The team at NASA’s Goddard Space Flight Center in Greenbelt, Maryland, recently received support to advance technologies needed for the Submillimeter Enceladus Life Fundamentals Instrument, or SELFI. This remote-sensing instrument represents a significant improvement over the current state-of-the-art in submillimeter-wavelength devices, said SELFI Principal Investigator Gordon Chin.

SELFI is being designed to measure traces of chemicals in the plumes of water vapor and icy particles that emanate from fissures, also known as tiger stripes, on Enceladus, Saturn’s sixth largest moon. By studying the plumes, scientists believe they can extrapolate the composition of the ocean that lies beneath the moon’s icy crust and its potential to host extraterrestrial life.

Enceladus has intrigued scientists since NASA’s recently ended Cassini mission discovered the plumes that continuously spew particles, water vapor, carbon dioxide, methane, and other gases from about 100 sites on the moon’s surface. Although scientists initially thought that Enceladus was frozen solid, Cassini data revealed a slight wobble in the moon’s orbit that suggests the presence of a global ocean beneath the ice. Saturn’s tidal forces appear to pull and squeeze Enceladus, generating enough heat to hold water liquid in the interior and crack the icy shell. This forms fissures from which jets of water spray into space.

The question scientists ultimately want to answer is whether life exists in Enceladus or on other icy worlds in the outer solar system. At the bottom of Earth’s oceans, hydrothermal vents thrive with life. Does Enceladus have warm hydrothermal vents at the bottom of its ocean that might support life?
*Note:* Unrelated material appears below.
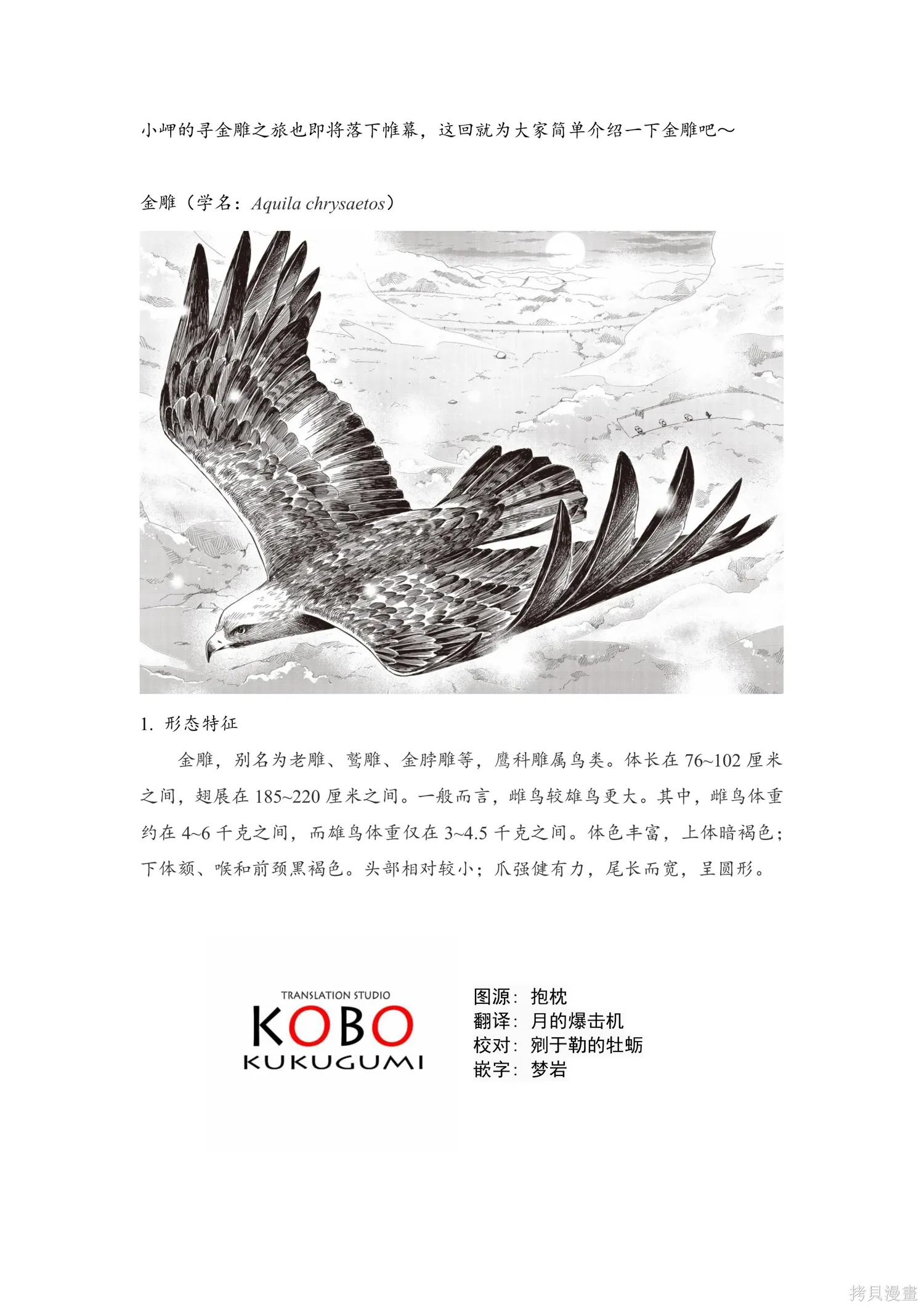 第51话 第10页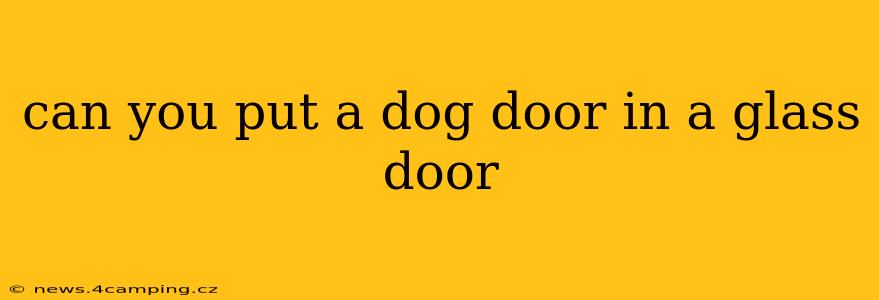 can you put a dog door in a glass door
“Submillimeter wavelengths, which are in the range of very high-frequency radio, give us a way to measure the quantity of many different kinds of molecules in a cold gas. We can scan through all the plumes to see what’s coming out from Enceladus,” Chin said. “Water vapor and other molecules can reveal some of the ocean’s chemistry and guide a spacecraft onto the best path to fly through the plumes to make other measurements directly.”

“Like Tuning a Radio Station”

“Molecules such as water and carbon monoxide, and others, are like little radio stations that broadcast on very specific frequencies that say, ‘hey, I’m water, I’m carbon monoxide,’” Chin continued, adding that a submillimeter spectrometer sensitive to these wavelengths is like tuning to a radio station with a specific molecular call-sign. “The spectral lines are so discrete that we can identify and quantify chemicals with no confusion whatsoever,” added Paul Racette, a Goddard engineer who serves as the effort’s chief systems engineer.
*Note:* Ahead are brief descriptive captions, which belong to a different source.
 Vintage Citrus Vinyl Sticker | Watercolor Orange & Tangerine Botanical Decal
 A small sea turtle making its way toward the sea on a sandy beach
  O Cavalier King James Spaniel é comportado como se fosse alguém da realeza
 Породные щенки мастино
Used in space science across all wavelength or frequency bands, spectrometers can analyze the chemical composition of gases and solids in planets, stars, comets, and other targets, telling scientists much about their physical properties. Tuning into the submillimeter band is relatively new due to the complexity of building submillimeter-sensitive instruments.
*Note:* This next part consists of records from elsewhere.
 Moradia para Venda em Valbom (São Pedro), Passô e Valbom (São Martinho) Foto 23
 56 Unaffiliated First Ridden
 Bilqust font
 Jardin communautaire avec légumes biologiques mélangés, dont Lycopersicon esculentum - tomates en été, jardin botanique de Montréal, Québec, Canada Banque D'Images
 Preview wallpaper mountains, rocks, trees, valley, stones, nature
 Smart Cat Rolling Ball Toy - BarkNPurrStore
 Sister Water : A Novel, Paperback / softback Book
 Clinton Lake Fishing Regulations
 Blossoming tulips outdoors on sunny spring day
With NASA research-and-development funding, Chin and his team are increasing the instrument’s sensitivity with an amplifier to boost the signal in the region around the 557 GHz frequency that has the strongest signal from water. This will improve the ability to measure even vanishingly small quantities of water and traces of other gases, even at the cold temperatures, and explore the whole system of surface vents on Enceladus, Racette said.

The team also is creating a more energy-efficient and flexible radio frequency (RF) data-processing system and a sophisticated digital spectrometer for the RF signal. The digital spectrometer will employ high-speed programmable circuitry to convert RF into digital signals that can be analyzed to measure the plumes’ gas quantities, temperatures, and velocities.

Because of these enhancements, SELFI will be able to simultaneously detect and analyze 13 molecular species, including water in various isotopic forms as well as methanol, ammonia, ozone, hydrogen peroxide, sulfur dioxide, and sodium chloride, the table salt chemical that makes Earth’s oceans salty.

“SELFI is really new,” Chin said, adding he believes the team can sufficiently improve the instrument to propose for a future mission. “This is one of the most ambitious submillimeter instruments ever built.”